Friday, April 24, 2015

Dictionary Caesar Salad


Growing up I had never had a Caesar salad. I had heard the term, but I had no idea what it was. This was before the Internet, so I couldn’t just look it up on wikipedia. So instead I checked my dictionary, which told me it was a mix of romaine lettuce, a coddled egg, olive oil, garlic, anchovies, and parmesan cheese.

I decided to make that. Only without the anchovies because, well, because they’re anchovies!

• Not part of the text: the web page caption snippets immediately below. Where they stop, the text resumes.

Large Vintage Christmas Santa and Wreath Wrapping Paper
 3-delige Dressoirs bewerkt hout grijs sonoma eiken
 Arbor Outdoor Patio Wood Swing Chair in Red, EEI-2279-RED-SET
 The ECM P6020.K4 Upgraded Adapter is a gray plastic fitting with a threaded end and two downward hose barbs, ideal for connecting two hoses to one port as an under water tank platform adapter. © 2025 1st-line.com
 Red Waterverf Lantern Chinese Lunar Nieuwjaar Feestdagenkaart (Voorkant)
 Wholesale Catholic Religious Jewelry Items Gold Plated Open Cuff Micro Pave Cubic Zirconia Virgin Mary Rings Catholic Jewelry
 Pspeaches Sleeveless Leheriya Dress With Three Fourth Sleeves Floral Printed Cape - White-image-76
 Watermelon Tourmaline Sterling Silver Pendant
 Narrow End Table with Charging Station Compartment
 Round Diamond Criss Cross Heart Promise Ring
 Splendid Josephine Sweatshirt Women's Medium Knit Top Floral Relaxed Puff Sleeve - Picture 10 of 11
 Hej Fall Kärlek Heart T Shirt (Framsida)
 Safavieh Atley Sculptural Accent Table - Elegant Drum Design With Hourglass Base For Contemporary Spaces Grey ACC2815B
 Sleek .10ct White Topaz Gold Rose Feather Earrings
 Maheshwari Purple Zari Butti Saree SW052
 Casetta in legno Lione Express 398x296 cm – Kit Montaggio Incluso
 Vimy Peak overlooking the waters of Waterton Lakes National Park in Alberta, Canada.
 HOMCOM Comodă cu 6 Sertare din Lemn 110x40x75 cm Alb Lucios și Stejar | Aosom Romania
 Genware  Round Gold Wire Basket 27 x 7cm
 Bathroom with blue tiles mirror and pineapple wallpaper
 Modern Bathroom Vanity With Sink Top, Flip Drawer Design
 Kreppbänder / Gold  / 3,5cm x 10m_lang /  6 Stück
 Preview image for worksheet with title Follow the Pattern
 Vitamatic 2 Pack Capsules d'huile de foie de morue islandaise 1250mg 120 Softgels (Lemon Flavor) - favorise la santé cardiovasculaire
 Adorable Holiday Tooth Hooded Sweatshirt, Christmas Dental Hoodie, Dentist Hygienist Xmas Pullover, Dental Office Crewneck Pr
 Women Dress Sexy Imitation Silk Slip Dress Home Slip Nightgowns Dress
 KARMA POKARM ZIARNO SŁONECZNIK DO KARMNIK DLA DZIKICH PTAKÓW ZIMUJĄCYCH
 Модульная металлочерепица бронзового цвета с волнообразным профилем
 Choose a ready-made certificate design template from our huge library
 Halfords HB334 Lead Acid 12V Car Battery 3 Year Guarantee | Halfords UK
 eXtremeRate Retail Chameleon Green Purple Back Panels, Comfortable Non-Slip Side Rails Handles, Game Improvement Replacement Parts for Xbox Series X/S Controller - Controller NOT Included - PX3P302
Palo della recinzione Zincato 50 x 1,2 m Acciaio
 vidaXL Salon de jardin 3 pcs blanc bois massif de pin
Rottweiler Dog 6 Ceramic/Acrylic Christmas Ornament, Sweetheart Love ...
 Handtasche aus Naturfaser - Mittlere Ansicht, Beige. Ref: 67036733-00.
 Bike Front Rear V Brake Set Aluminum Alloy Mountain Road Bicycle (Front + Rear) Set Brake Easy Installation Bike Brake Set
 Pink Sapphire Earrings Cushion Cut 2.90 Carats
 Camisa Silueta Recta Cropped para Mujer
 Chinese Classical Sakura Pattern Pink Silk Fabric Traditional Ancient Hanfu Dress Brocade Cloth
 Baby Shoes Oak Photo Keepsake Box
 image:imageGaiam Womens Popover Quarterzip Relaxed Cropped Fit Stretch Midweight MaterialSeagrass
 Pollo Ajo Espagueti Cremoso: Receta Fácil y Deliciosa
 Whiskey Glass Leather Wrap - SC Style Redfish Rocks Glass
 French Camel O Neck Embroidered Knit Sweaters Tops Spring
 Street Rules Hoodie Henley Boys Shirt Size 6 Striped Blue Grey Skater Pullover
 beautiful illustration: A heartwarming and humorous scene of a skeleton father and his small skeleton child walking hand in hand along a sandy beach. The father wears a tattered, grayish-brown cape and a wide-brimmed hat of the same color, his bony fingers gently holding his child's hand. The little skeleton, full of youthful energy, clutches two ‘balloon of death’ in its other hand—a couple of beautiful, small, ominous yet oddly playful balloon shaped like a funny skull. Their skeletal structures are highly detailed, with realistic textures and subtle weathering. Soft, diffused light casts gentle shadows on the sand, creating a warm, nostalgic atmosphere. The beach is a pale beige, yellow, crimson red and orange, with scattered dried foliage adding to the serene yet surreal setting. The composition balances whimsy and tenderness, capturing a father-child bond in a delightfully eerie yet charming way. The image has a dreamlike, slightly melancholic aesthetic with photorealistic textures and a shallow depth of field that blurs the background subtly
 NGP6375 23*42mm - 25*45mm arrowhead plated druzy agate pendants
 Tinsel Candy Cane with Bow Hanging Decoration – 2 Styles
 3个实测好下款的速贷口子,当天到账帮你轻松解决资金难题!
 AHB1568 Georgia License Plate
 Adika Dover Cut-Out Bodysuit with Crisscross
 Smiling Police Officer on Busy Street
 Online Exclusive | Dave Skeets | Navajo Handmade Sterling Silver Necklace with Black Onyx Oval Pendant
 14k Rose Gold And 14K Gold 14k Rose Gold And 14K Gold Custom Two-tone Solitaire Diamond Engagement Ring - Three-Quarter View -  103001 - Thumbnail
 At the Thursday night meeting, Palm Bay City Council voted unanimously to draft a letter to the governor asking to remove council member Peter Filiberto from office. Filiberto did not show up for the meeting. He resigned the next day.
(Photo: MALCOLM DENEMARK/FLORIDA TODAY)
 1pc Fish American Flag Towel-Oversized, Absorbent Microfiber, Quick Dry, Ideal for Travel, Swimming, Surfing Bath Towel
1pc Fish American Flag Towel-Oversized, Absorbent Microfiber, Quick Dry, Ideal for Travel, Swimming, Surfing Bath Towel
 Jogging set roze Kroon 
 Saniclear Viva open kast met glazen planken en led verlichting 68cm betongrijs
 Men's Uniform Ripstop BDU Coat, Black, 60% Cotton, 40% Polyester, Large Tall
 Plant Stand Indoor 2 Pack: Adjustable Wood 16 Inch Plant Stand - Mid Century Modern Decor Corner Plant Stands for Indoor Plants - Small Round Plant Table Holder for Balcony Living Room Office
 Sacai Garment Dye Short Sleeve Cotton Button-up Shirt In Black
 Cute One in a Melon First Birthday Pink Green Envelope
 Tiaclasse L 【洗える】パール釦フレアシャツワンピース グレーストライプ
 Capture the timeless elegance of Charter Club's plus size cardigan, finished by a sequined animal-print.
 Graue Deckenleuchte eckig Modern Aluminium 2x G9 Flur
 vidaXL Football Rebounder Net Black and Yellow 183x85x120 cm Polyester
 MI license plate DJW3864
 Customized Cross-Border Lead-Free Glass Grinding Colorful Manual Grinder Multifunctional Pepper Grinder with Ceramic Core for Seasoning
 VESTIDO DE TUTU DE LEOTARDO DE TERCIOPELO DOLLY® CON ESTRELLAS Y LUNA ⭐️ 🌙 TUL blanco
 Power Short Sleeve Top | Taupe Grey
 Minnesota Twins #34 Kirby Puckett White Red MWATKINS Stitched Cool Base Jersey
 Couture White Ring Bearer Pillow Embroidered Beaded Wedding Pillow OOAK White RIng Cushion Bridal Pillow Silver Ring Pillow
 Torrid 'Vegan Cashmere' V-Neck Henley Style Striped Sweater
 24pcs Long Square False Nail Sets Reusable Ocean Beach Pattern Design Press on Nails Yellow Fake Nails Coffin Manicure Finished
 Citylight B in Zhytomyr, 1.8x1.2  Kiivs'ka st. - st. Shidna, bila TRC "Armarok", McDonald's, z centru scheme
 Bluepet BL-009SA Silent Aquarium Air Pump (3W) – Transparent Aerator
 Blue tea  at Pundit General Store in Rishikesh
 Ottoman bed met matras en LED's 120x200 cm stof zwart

I did not have a recipe. I owned a few cook books, but I never used them, because cookbooks are written by people who love cooking, and thus come up with really complicated, labor intensive ways to create very simple dishes. But I figured, I would just toss in the ingredients and hope for the best. And amazingly, it turned out great. This is the recipe I invented 30 years ago based on my Miriam-Webster dictionary definition.


Time: 15 minutes

Ingredients:
Romaine lettuce, cleaned and torn into bite-sized pieces
Grating cheese (parmesan, romano, or asiago)
Olive oil
Garlic (minced or run through a garlic press)
1 egg
Croutons, if you like (see recipe below)

Pour some olive oil into a large mixing bowl. I probably use a third cup if I’m making it just for myself. I probably should use more, as I explain below.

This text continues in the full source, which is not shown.